WHAT YOU SHOULD DO => Print verbatim the lines from the beginning of the entries through the line containing "De 5 (2) - De 5 og spionerne", both ends included. Pictures should be left out.

SUPPLIED MATERIAL =>
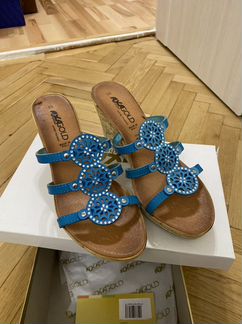 Туфли-шлёпанцы женские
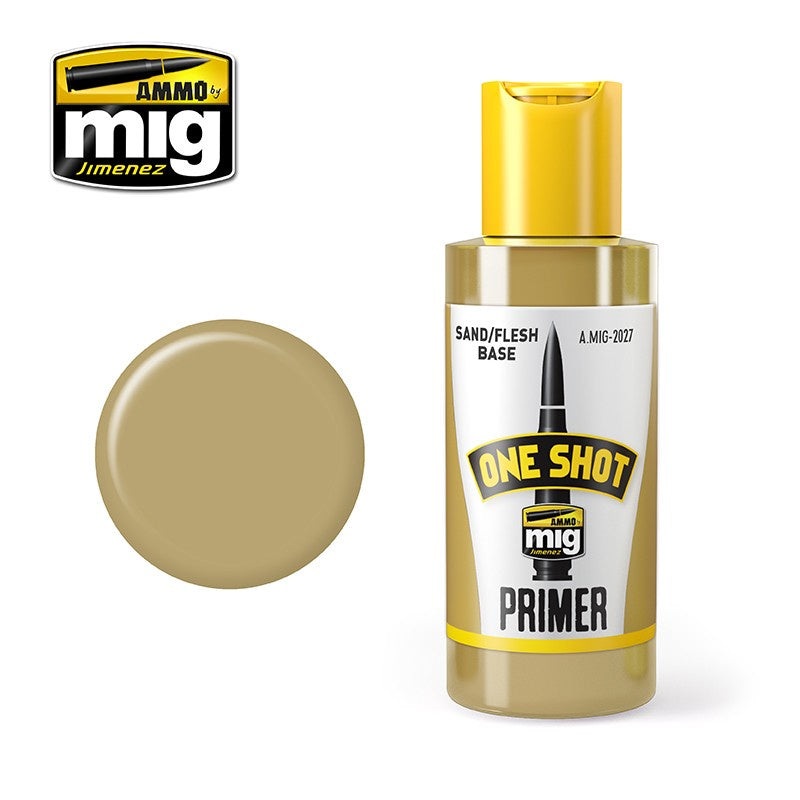 AMMO - 2027 One Shot Primer - Sand Flesh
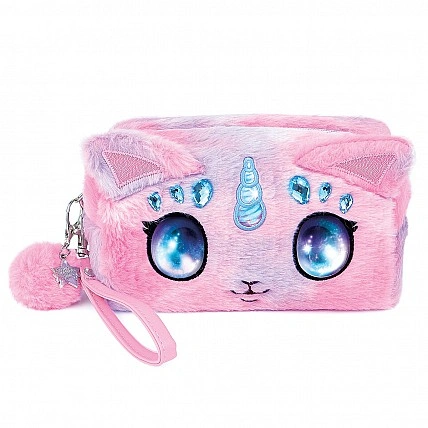Nebulous Stars Fluffy Pencil Case - Stella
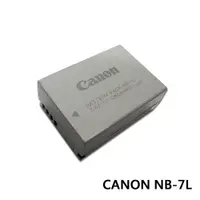 在飛比找誠品線上優惠-Canon NB-7L 原廠電池 裸裝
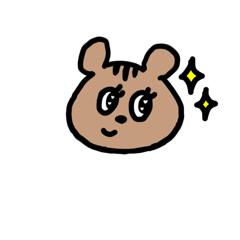 でいりーゆーすりすさん。2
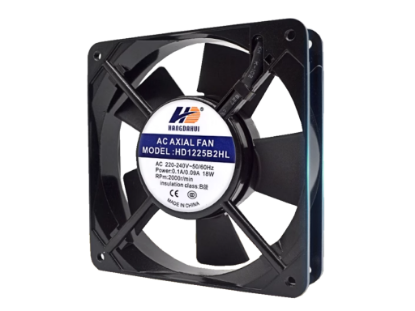 Picture of HANGDAHUI HD1225B2HL Server-Square Fan HD1225B2HL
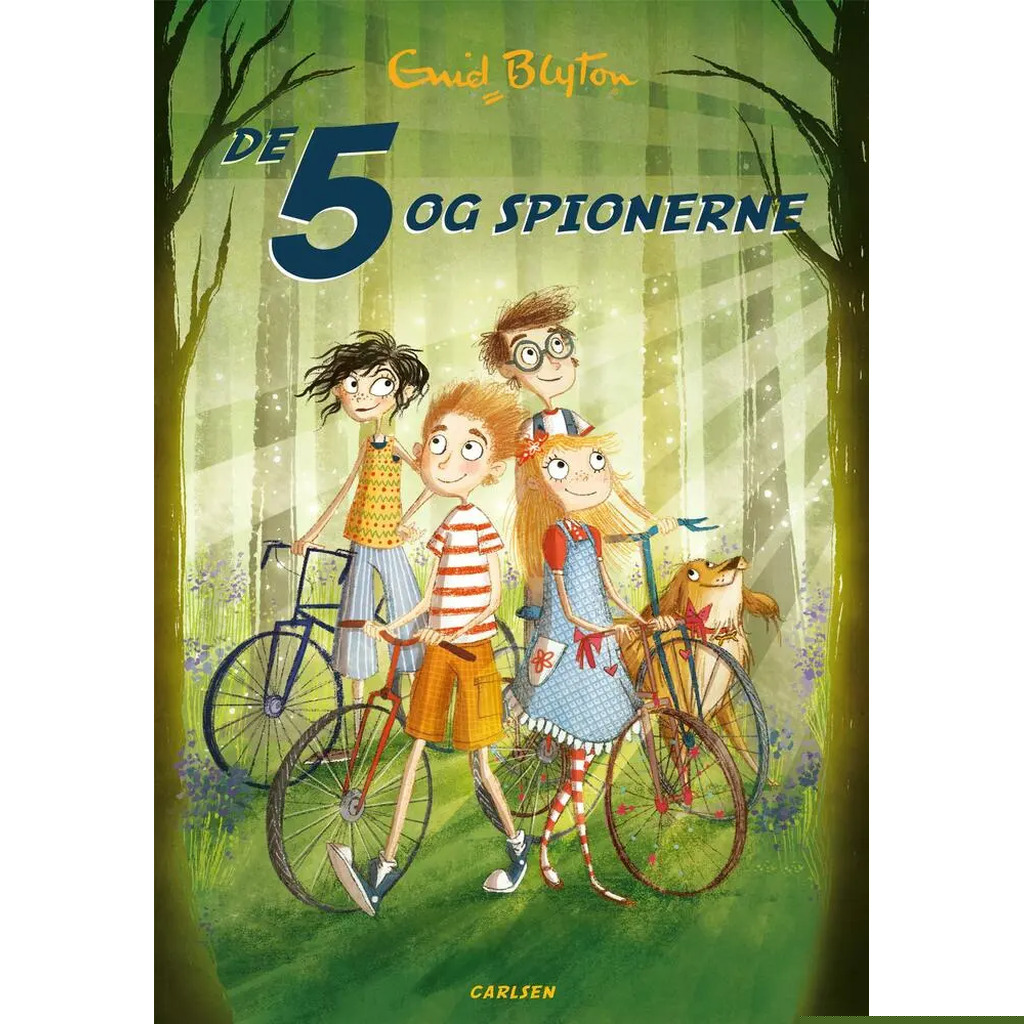 De 5 (2) - De 5 og spionerne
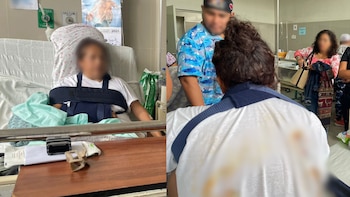 Explosión de buzón eléctrico en Comas - Perú - 12 de diciembre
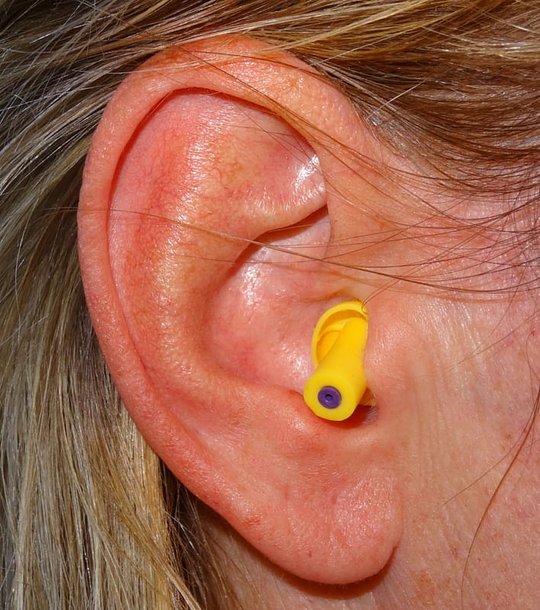 Don't Forget Ear Protection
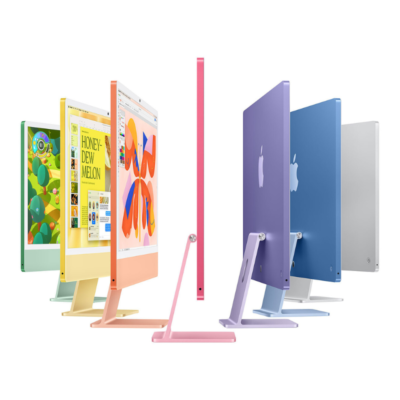 iMac 24 Apple M4 10 cœurs - SSD de 512 Go - 24 Go - Vert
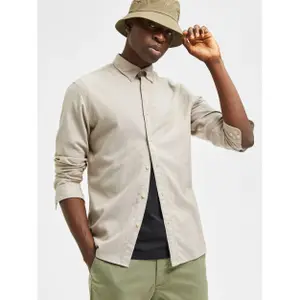 Langarmhemd Selected slim Flannel image-2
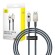 Fast Charging Cable Baseus  2.4A 1M (Black) image 1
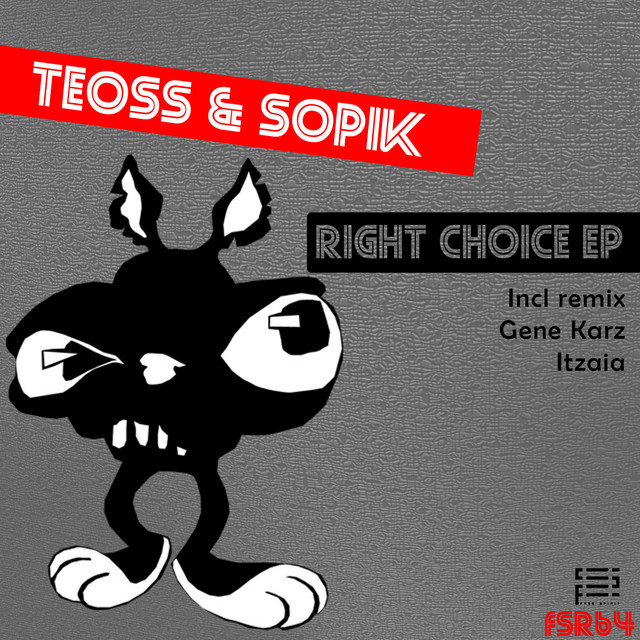Обкладинка: Right Choice - Itzaia Remix — Teoss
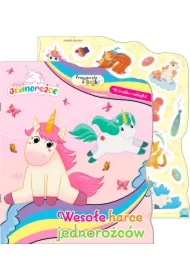 Moje jednorożce. Przyjaciele z bajki. Wesołe harce jednorożców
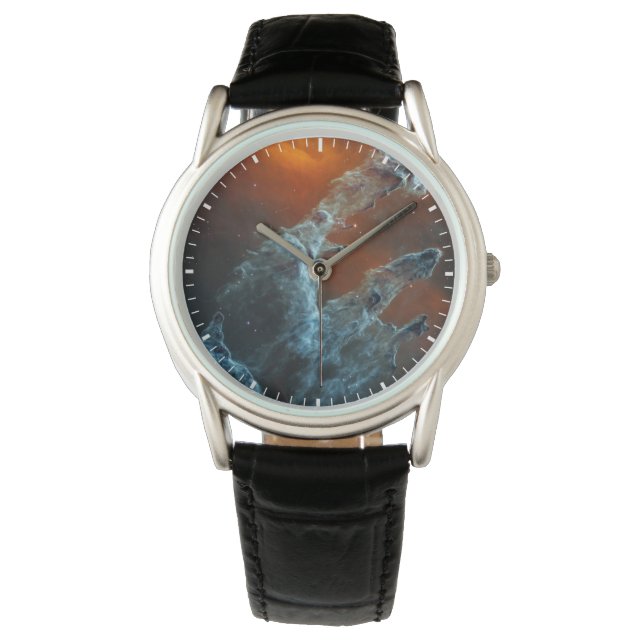 Midden-infrarood de pijlers van de schepping. horloge (Voorkant)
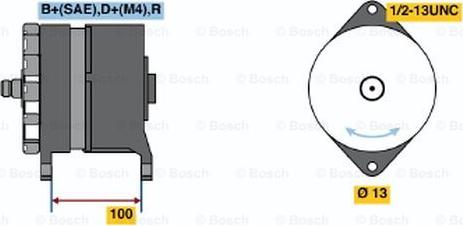 BOSCH 0 122 469 003 - Ģenerators adetalas.lv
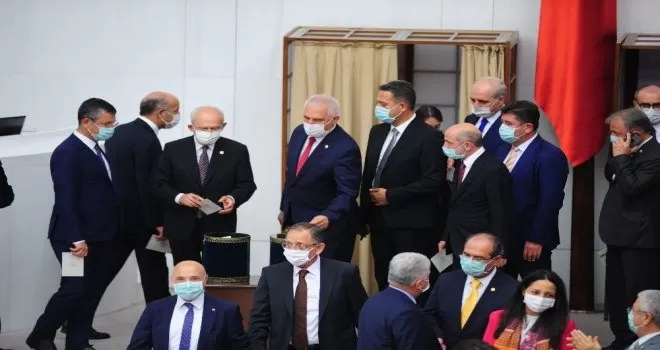 TBMM Başkanlık yarışının ikinci turu başladı
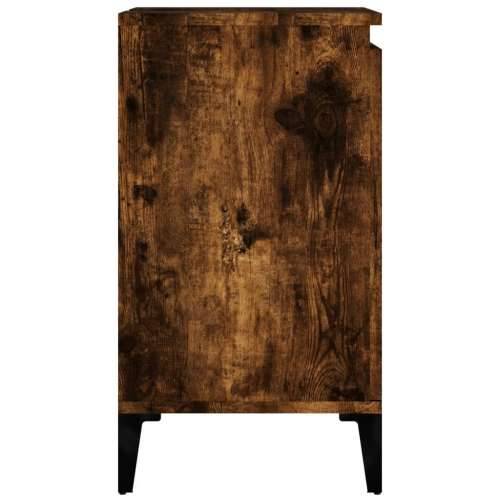 Ormarić za Lavabo - Umivaonik boja dimljenog hrasta 58x33x60 cm drveni - Dimljeni hrast 1 Cijena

ANSWER TO THIS EXERCISE =>
 Туфли-шлёпанцы женские
 AMMO - 2027 One Shot Primer - Sand Flesh
Nebulous Stars Fluffy Pencil Case - Stella
 在飛比找誠品線上優惠-Canon NB-7L 原廠電池 裸裝
 でいりーゆーすりすさん。2
 Picture of HANGDAHUI HD1225B2HL Server-Square Fan HD1225B2HL
 De 5 (2) - De 5 og spionerne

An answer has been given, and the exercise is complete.